Remove iter protocol from TableCollection #694

jeromekelleher · 2020-06-29T16:27:53Z

Closes #500

This removes the __iter__ protocol from TableCollection and replaces it with two properties on TableCollection and TreeSequence which do the same thing, more directly. This was done for a couple of reasons:

Implementing __iter__ without also implementing __getitem__, __len__ etc isn't a great practise. We will probably want to implement __getitem__ at some point, and it would probably not be compatible with this definition of iter, so we don't want to be constrained by that.
A list of (key, value) tuples is more naturally a dict, so it makes sense to be explicity about this.

The behaviour was undocumented, so I don't think we're doing to break much code with this change.

The names of the new attributes could probably be improved, so open to ideas there. You could also argue that they should be methods rather than properties - I don't have a strong opinion here.

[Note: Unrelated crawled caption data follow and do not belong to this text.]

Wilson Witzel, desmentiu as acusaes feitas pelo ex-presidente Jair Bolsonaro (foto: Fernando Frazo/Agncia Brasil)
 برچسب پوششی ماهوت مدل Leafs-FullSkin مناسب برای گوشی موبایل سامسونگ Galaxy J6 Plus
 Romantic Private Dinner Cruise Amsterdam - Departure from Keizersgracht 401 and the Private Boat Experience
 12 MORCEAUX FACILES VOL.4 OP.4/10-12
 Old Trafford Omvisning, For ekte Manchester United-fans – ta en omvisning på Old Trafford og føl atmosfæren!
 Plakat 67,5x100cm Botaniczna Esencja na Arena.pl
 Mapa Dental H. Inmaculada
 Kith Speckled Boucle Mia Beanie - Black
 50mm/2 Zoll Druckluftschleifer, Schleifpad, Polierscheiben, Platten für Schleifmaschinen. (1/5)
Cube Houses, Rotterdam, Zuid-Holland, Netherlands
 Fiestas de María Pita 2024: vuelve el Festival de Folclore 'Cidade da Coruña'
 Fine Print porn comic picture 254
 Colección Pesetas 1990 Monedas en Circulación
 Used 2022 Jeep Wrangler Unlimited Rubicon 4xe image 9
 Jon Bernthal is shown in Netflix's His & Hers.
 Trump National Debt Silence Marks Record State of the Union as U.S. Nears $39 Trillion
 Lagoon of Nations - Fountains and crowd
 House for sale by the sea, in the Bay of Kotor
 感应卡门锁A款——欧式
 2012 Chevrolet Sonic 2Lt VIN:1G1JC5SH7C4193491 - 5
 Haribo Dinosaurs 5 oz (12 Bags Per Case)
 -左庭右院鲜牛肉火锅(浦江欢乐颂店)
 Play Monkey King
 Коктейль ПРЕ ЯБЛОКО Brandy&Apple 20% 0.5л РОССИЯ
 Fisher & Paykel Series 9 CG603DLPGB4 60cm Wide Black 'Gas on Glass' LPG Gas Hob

@hyanwong, I think you're the main user of this - is it going to affect you much?

hyanwong · 2020-06-29T17:05:32Z

I agree that a dict is more natural if we want to return names and tables, and it's trivial to iterate over the dict, especially now that order is guaranteed (as of python 3.7). I don't think this should affect my code, and if it does, it should be easy to change. But in fact, when I iterate over all the tables, I usually don't actually need the names: when I want to check the type of table, I just check whether the class is e.g. tskit.ProvenanceTable, which seems less fragile than doing a string comparison. So I'm wondering if we should have a method that returns the tables in an array or list instead, and simply drop the table names (but perhaps this is the point of an iterator!)?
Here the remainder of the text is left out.